### What is expected
Your task is to repeat exactly the lines below between the line holding "MEXICO: Michoacán, Tancítaro, AE" and the line holding "LICENSE PLATE HOLDER", inclusive, and only those.

### Records
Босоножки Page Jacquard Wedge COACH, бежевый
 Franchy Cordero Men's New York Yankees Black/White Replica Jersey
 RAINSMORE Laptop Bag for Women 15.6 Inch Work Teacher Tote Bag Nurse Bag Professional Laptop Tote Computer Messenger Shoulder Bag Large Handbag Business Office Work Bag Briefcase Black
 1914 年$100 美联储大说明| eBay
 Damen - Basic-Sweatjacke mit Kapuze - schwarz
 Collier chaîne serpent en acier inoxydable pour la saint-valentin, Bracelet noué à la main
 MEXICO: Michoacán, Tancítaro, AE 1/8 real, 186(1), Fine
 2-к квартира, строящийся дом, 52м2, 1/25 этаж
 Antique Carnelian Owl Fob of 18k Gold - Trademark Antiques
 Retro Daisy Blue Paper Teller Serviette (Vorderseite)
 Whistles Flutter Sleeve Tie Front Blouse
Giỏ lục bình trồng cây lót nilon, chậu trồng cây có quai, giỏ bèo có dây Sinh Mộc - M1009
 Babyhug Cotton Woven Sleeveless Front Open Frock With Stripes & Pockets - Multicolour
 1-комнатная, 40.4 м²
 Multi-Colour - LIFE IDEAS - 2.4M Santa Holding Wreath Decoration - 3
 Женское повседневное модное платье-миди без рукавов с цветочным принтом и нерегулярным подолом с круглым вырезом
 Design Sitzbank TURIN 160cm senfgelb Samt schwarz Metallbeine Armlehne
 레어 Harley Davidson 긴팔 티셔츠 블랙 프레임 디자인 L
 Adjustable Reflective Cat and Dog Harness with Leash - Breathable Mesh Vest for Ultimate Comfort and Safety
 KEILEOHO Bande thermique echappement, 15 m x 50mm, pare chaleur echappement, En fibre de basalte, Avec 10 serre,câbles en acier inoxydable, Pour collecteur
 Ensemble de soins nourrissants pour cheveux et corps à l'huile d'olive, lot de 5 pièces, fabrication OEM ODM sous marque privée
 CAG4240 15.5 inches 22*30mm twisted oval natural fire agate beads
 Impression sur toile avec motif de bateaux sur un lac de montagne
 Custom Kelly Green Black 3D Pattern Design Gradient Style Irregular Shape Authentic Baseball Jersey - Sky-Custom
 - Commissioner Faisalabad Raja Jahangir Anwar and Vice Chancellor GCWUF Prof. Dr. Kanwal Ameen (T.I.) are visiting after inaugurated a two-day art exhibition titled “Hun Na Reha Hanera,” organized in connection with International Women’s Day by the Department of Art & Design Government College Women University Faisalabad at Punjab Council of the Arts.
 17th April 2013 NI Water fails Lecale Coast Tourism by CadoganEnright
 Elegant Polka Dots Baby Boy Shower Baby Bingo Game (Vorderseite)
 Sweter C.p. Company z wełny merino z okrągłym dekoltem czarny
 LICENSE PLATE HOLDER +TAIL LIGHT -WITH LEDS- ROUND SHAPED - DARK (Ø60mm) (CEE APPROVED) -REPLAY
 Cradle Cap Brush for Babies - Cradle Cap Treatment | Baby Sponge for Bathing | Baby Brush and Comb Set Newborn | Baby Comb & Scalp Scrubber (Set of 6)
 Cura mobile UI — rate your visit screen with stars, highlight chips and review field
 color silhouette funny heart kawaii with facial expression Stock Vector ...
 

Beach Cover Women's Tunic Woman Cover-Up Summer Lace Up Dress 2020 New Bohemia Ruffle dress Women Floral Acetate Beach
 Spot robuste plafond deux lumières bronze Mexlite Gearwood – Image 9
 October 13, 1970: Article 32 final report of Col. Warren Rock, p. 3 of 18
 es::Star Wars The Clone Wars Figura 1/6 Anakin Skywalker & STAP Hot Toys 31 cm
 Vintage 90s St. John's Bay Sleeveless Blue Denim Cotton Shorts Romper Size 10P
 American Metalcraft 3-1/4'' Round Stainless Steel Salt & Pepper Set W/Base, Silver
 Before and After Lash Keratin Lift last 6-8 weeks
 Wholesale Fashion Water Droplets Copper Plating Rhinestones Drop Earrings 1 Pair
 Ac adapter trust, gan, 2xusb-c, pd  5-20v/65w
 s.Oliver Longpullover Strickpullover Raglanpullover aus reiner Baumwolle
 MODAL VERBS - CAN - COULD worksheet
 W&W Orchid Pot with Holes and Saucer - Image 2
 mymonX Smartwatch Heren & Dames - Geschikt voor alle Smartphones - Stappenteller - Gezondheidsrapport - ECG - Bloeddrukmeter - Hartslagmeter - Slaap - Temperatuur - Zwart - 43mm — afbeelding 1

### Reply
 MEXICO: Michoacán, Tancítaro, AE 1/8 real, 186(1), Fine
 2-к квартира, строящийся дом, 52м2, 1/25 этаж
 Antique Carnelian Owl Fob of 18k Gold - Trademark Antiques
 Retro Daisy Blue Paper Teller Serviette (Vorderseite)
 Whistles Flutter Sleeve Tie Front Blouse
Giỏ lục bình trồng cây lót nilon, chậu trồng cây có quai, giỏ bèo có dây Sinh Mộc - M1009
 Babyhug Cotton Woven Sleeveless Front Open Frock With Stripes & Pockets - Multicolour
 1-комнатная, 40.4 м²
 Multi-Colour - LIFE IDEAS - 2.4M Santa Holding Wreath Decoration - 3
 Женское повседневное модное платье-миди без рукавов с цветочным принтом и нерегулярным подолом с круглым вырезом
 Design Sitzbank TURIN 160cm senfgelb Samt schwarz Metallbeine Armlehne
 레어 Harley Davidson 긴팔 티셔츠 블랙 프레임 디자인 L
 Adjustable Reflective Cat and Dog Harness with Leash - Breathable Mesh Vest for Ultimate Comfort and Safety
 KEILEOHO Bande thermique echappement, 15 m x 50mm, pare chaleur echappement, En fibre de basalte, Avec 10 serre,câbles en acier inoxydable, Pour collecteur
 Ensemble de soins nourrissants pour cheveux et corps à l'huile d'olive, lot de 5 pièces, fabrication OEM ODM sous marque privée
 CAG4240 15.5 inches 22*30mm twisted oval natural fire agate beads
 Impression sur toile avec motif de bateaux sur un lac de montagne
 Custom Kelly Green Black 3D Pattern Design Gradient Style Irregular Shape Authentic Baseball Jersey - Sky-Custom
 - Commissioner Faisalabad Raja Jahangir Anwar and Vice Chancellor GCWUF Prof. Dr. Kanwal Ameen (T.I.) are visiting after inaugurated a two-day art exhibition titled “Hun Na Reha Hanera,” organized in connection with International Women’s Day by the Department of Art & Design Government College Women University Faisalabad at Punjab Council of the Arts.
 17th April 2013 NI Water fails Lecale Coast Tourism by CadoganEnright
 Elegant Polka Dots Baby Boy Shower Baby Bingo Game (Vorderseite)
 Sweter C.p. Company z wełny merino z okrągłym dekoltem czarny
 LICENSE PLATE HOLDER +TAIL LIGHT -WITH LEDS- ROUND SHAPED - DARK (Ø60mm) (CEE APPROVED) -REPLAY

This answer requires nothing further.